She ignored the bounder.

The rapping persisted.

She huffed. She inspected her countenance in the mirror and smoothed her scowling features before she walked across the room and opened the door.

Her heart trembled.

“Are you all right, Amy?”

He peered at her from the misty darkness, his expression inscrutable, his eyes veiled with shadows. He queried her in a low voice; the sounds teased her senses, like fingers thrumming her spine.

She gripped the wood frame. “I’m about to retire.”

“Can I come inside?”

He pressed his palm against the door frame, brushing her fingers. She pulled her hand away. Jerked it, really.

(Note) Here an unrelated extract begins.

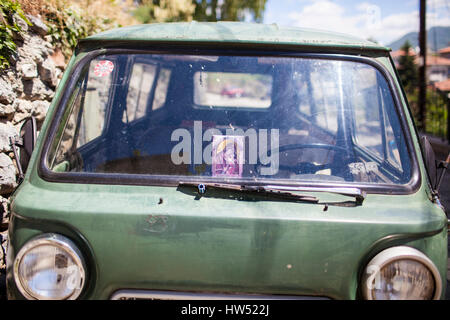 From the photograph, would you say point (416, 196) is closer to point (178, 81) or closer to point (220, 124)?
point (220, 124)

He shifted his weight, leaned closer to her. “I need to talk with you.”

She detected the scent of wine on his breath.

“Now?” she snapped.

“It’s important.

She firmly pressed her lips together, but stepped aside, muscles taut, allowing him entrance.

The man’s long figure sauntered inside the room. He stirred the air as he passed, making her shiver. She closed the door after him and waited.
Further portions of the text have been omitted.